In law, a fact is said to be proved when Court is satisfied as to its truth. The general rule is that the burden of proof lies on the party who asserts the affirmative of the issue or question in dispute. In the instant case, the plaintiff has alleged breach of contract. The burden rests on him to prove that allegation. He has shown that the transaction between himself and the defendant was reduced into writing. He has exhibited a sale agreement which shows that the property offered to him by the defendant’s agent to buy, which property he actually bought, was described to him as "Block 232 Plot 1496 & 1497 Land at Nambole." This is the description that appears in the sale agreement which DW1, the defendant’s own Managing Director, personally signed. The said Managing Director also acknowledged receipt of Shs.15,000,000-. He cannot now be heard to say that he did not offer any such land to the plaintiff or that he was never paid. He is estopped by the parol evidence rule, which rule is to the effect that evidence cannot be admitted, (or even if admitted, it cannot be used) to add to, vary or contradict a written instrument. In relation to contract, this rule means that where a contract has been reduced to writing, neither party can rely on evidence of terms to have been agreed, which is extrinsic document, that is, not contained in it. I’m cutely aware that where a dispute arises as to what transpired between the parties, as in the instant suit, evidence can be admitted to show that a written contract has been varied or even rescinded. No such evidence has been adduced by the defendant in the instant suit. In these circumstances, it is immaterial that Mr. Kasulu was not able to place before the Court any document showing that the instructions by the defendant to Property Masters included sale of Plot 1496 as well as 1497. This was not his contract but the defendant’s. I would find that the sale agreement, P. Exh. 1, speaks for itself on this point, that is, that the defendant, through its appointed agent, sold the suit property to the plaintiff.
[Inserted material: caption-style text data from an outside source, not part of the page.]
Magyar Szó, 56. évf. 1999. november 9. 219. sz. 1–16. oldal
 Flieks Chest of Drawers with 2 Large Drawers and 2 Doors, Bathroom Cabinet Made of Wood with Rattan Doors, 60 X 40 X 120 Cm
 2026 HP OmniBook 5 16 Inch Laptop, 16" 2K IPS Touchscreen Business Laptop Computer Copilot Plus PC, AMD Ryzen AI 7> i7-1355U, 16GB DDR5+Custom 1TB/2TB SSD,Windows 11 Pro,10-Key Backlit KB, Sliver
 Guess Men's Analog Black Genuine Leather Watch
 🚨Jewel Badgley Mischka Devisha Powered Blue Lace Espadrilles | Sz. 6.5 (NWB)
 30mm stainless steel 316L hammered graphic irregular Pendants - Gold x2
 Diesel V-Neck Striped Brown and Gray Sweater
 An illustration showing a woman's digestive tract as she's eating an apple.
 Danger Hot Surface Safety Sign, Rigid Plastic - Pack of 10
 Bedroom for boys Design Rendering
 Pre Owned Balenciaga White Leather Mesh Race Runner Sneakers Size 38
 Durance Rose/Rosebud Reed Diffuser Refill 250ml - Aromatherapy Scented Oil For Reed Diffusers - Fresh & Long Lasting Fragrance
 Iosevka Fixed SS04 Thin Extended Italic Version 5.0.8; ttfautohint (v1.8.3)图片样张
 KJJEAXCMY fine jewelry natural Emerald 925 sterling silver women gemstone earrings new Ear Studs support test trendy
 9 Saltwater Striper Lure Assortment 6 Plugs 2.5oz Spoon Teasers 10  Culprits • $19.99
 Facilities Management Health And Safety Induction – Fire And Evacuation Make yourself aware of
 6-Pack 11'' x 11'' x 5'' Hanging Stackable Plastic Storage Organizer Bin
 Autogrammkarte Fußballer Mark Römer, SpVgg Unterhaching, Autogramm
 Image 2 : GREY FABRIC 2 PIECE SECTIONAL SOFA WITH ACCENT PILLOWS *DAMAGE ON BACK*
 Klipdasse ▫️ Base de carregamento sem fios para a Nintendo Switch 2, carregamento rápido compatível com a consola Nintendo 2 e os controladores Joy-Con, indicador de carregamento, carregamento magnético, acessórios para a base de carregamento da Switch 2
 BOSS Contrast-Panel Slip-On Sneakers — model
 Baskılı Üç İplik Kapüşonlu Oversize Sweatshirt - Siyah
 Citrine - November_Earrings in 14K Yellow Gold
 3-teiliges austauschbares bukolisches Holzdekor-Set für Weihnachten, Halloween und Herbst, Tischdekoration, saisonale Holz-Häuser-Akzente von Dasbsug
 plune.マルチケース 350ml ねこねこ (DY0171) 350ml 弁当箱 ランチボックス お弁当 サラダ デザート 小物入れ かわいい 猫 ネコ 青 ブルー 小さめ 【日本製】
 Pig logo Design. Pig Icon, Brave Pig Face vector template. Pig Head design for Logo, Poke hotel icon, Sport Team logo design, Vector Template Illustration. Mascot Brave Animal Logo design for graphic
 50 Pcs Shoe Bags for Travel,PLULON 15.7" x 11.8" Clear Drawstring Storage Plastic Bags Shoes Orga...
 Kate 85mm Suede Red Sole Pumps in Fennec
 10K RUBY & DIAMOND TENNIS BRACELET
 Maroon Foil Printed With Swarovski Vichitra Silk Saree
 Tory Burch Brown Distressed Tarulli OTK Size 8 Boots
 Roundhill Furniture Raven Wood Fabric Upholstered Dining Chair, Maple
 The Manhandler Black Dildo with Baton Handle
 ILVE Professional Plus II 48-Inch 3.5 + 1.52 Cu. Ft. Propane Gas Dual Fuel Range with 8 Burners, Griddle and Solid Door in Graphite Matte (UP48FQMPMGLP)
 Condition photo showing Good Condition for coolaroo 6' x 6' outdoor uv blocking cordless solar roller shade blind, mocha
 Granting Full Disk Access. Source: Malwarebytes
I would, therefore, answer the first issue in the affirmative and I do so.
As to whether the plaintiff is entitled to the remedies sought, there is evidence that while the plaintiff was waiting for the certificate of title in respect of the suit property, he started developing it. He did so until he was stopped by auctioneers acting for Tropical Africa Bank Ltd. It is an admitted fact that the suit property was at the time of the sale subject of a mortgage by the defendant to Tropical Africa Bank. Neither the defendant nor its agent has refunded the money paid by the plaintiff or compensated him for his loss. He has prayed to Court for Shs.53,300,000- being special damages. Of this amount, Shs.15,000,000- is particularized as the purchase price. He is entitled to the refund of the Shs.15m as money paid for consideration which has wholly failed. This amount is accordingly decreed to him.

The remaining amount in the sum of Shs.38,300,000- is particularized as the increase in the value of the land: Shs.6,000,000=; the buildings on site: Shs.20,000,000; and disturbance allowance of 30%: Shs.12,300,000=.

The rule has long been established that special damages must be pleaded and strictly proved by the party claiming them, if they are to be awarded. The particulars of special damages were enumerated in a report prepared by M/S Ideal Surveyors Valuers and Real Estate Management Consultants which was tendered in evidence as P. Exh. 11 at the scheduling stage. At the hearing, the plaintiff did not lead evidence of the authors of that report. In view of the plaintiff’s omission and/or failure to lead evidence of the people who authored the report to substantiate the claims, Court cannot say that the plaintiff has discharged the burden placed on him by the law of evidence. I would accordingly disallow the plaintiff’s claim in the sum of Shs.38,300,000=for not being proved to the satisfaction of the Court.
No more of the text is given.